■ PROBLEM ■
Using only the entries below, copy exactly the lines that begin at the one with "Philadelphia Skyline and" and end at the one with "Happy 250th Birthday America Tank in Black", both included. Drop the pictures.

───── TASK INPUT ─────

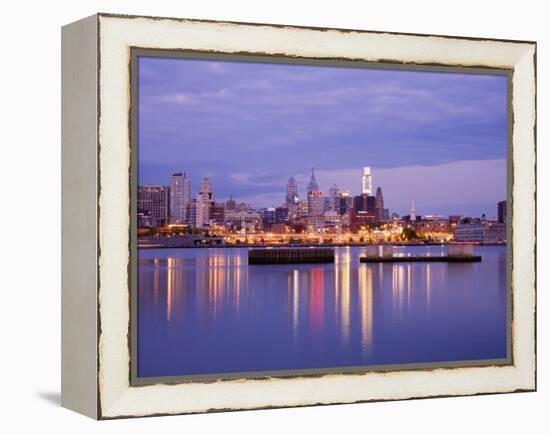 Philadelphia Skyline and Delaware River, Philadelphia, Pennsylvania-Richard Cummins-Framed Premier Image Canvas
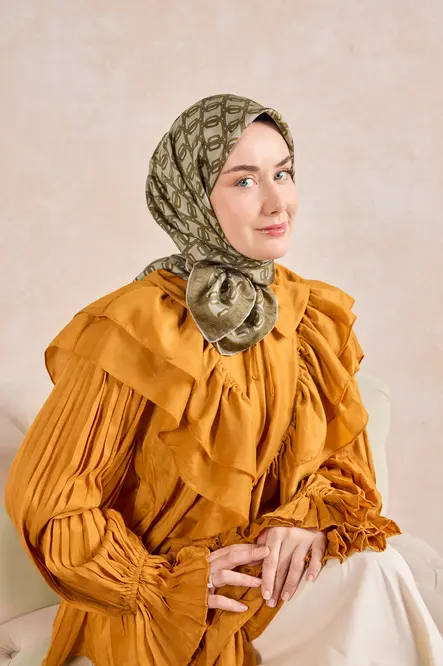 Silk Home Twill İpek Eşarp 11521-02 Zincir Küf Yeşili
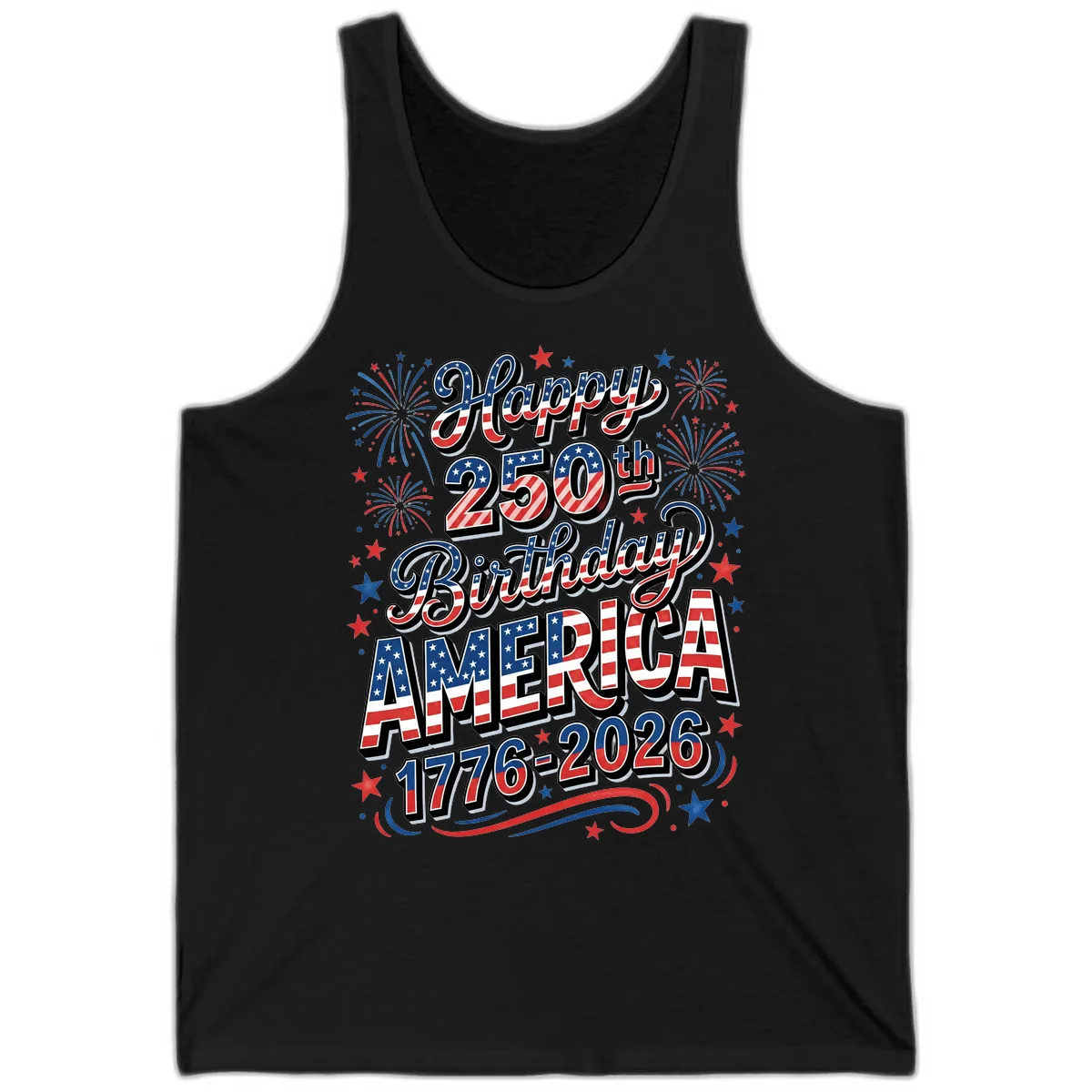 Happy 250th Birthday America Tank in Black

─────
───── TASK INPUT ─────

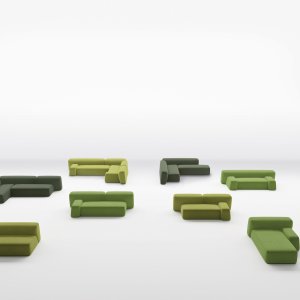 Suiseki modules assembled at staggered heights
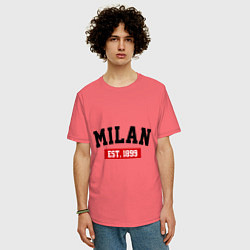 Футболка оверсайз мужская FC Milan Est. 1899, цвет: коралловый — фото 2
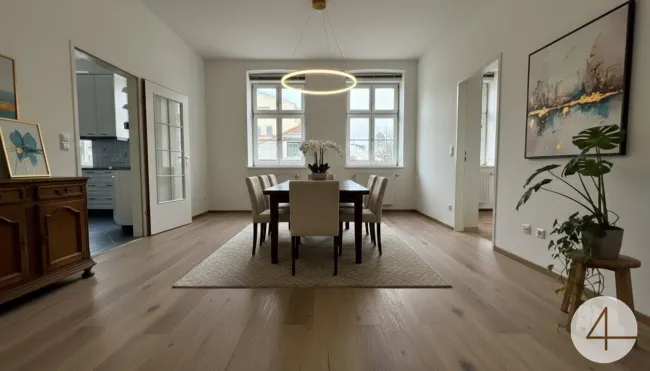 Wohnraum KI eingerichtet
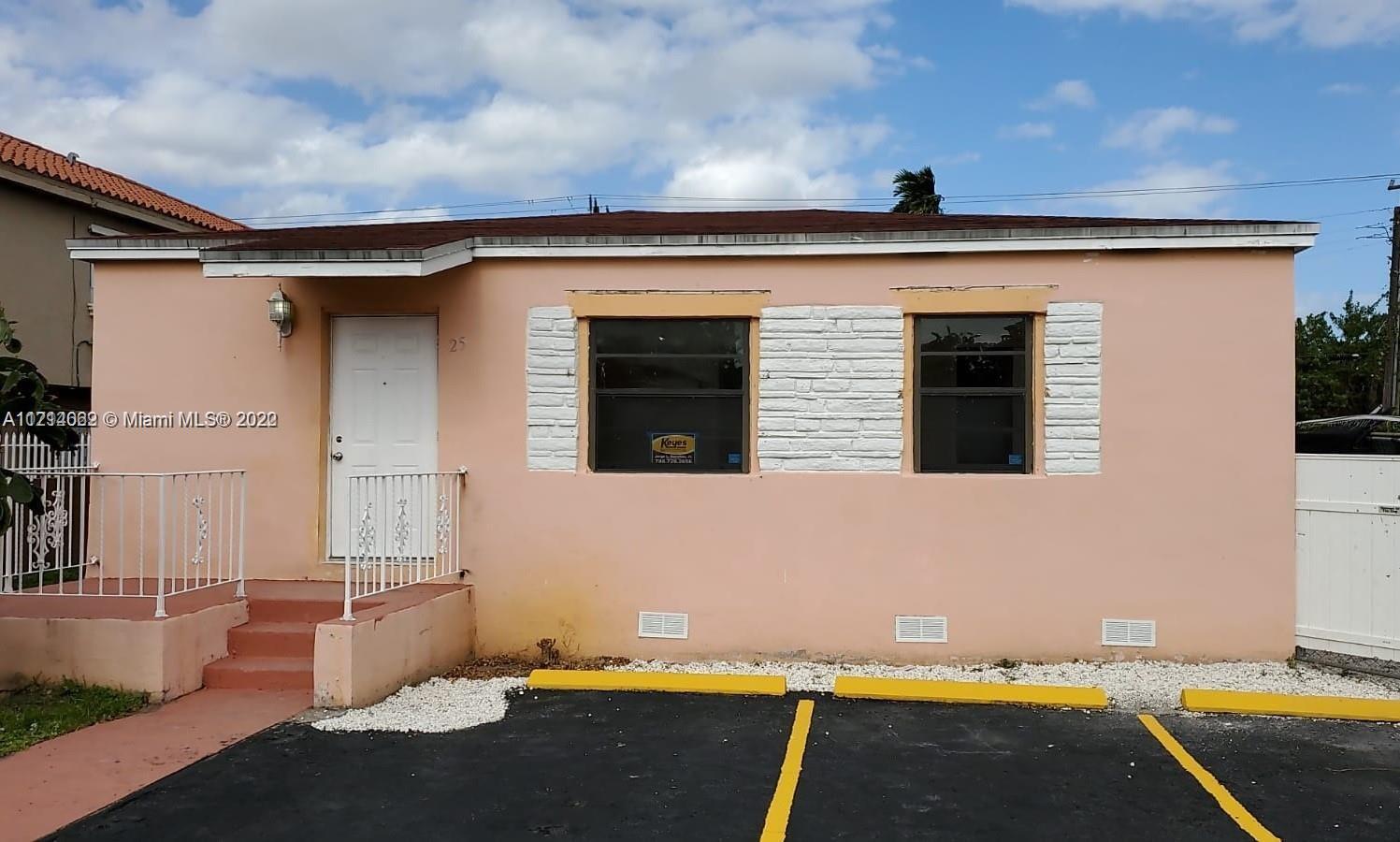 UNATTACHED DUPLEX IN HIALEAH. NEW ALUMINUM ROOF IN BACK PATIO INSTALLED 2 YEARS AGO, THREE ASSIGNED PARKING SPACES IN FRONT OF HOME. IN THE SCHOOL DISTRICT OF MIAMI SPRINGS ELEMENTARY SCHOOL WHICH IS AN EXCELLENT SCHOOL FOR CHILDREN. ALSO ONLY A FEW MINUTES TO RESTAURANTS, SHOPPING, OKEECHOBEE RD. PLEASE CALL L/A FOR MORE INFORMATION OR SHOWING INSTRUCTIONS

─────
───── TASK INPUT ─────

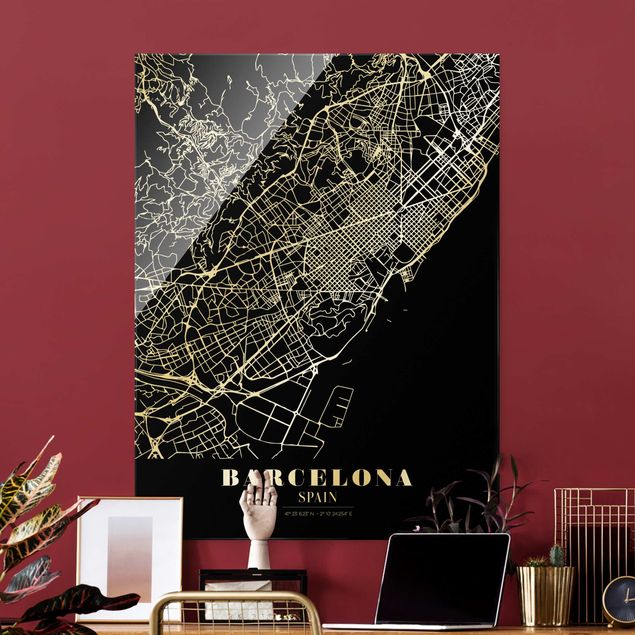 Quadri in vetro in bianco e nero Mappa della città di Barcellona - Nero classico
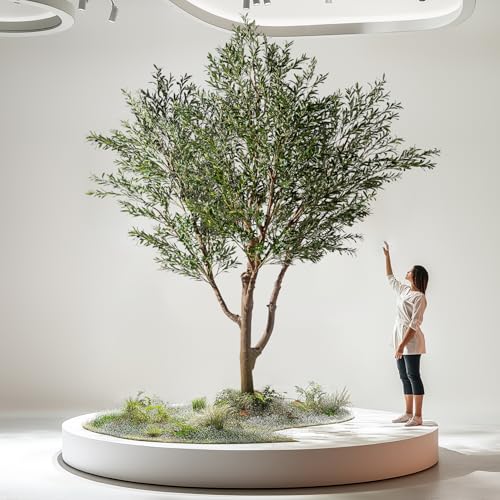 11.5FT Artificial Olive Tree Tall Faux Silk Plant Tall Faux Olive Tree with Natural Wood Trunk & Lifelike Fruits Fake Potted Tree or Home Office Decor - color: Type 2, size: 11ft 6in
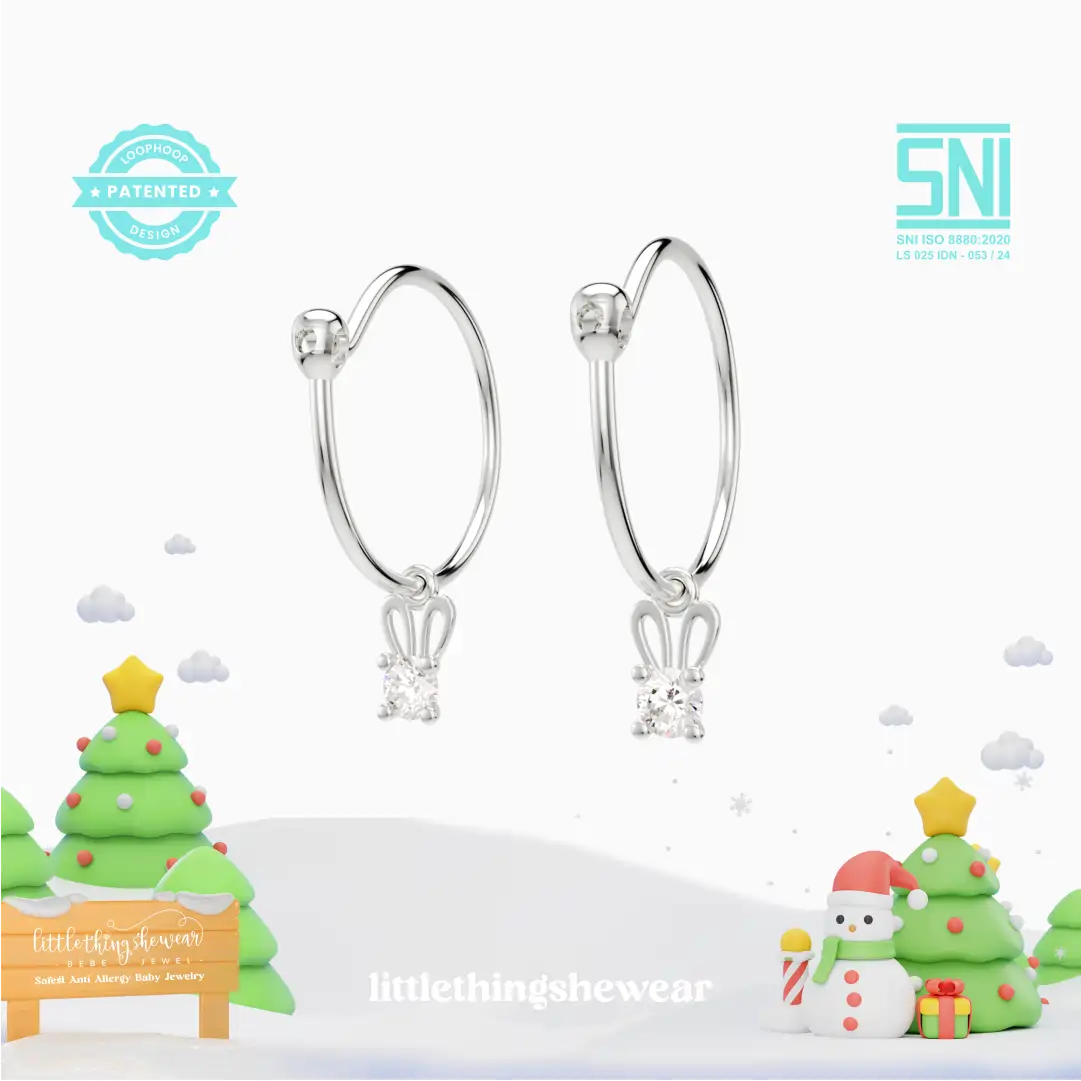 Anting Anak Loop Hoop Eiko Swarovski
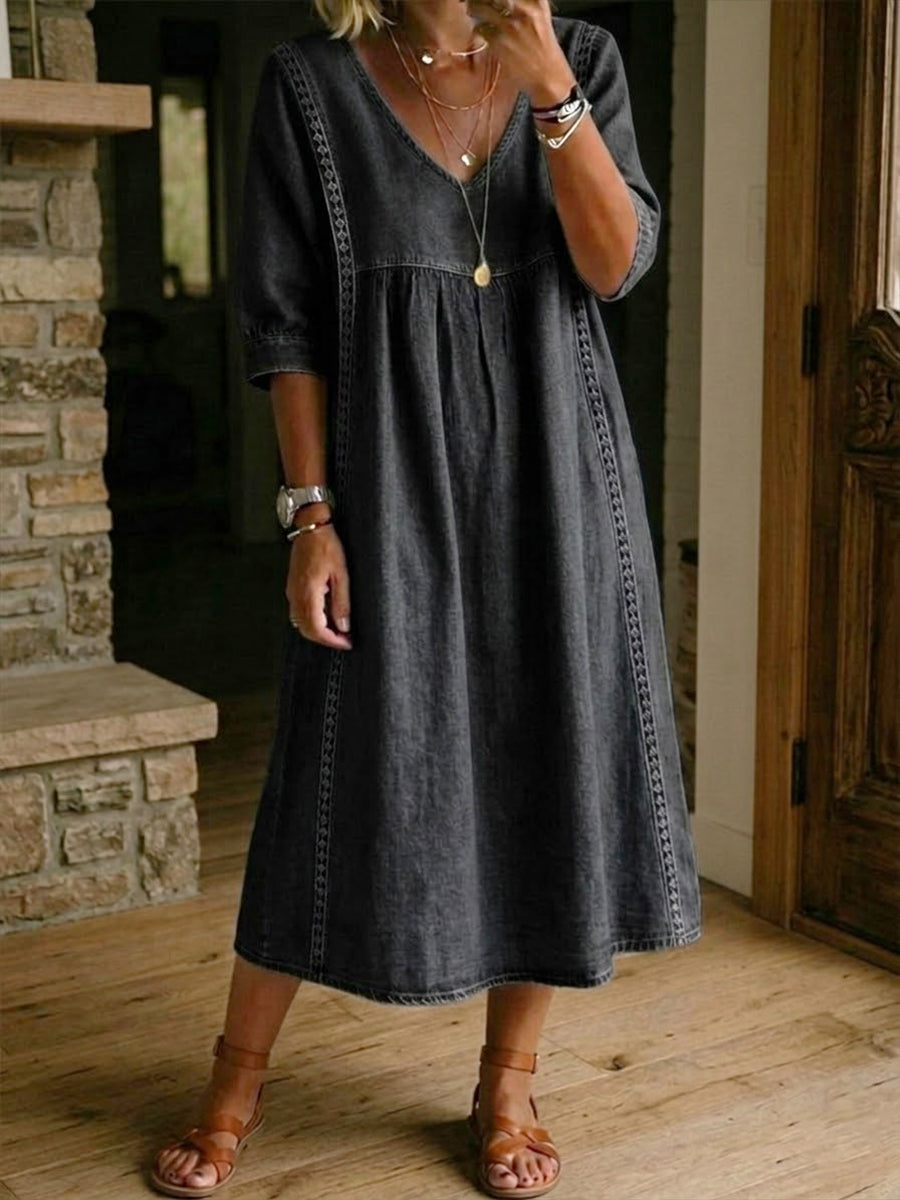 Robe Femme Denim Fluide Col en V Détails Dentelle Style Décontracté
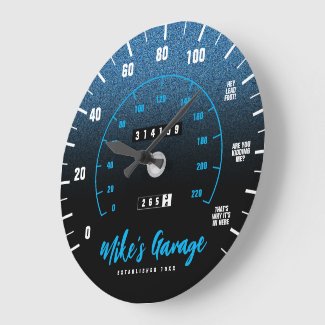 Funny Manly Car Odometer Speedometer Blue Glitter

─────

■ THE ANSWER ■
 Philadelphia Skyline and Delaware River, Philadelphia, Pennsylvania-Richard Cummins-Framed Premier Image Canvas
 Silk Home Twill İpek Eşarp 11521-02 Zincir Küf Yeşili
 Happy 250th Birthday America Tank in Black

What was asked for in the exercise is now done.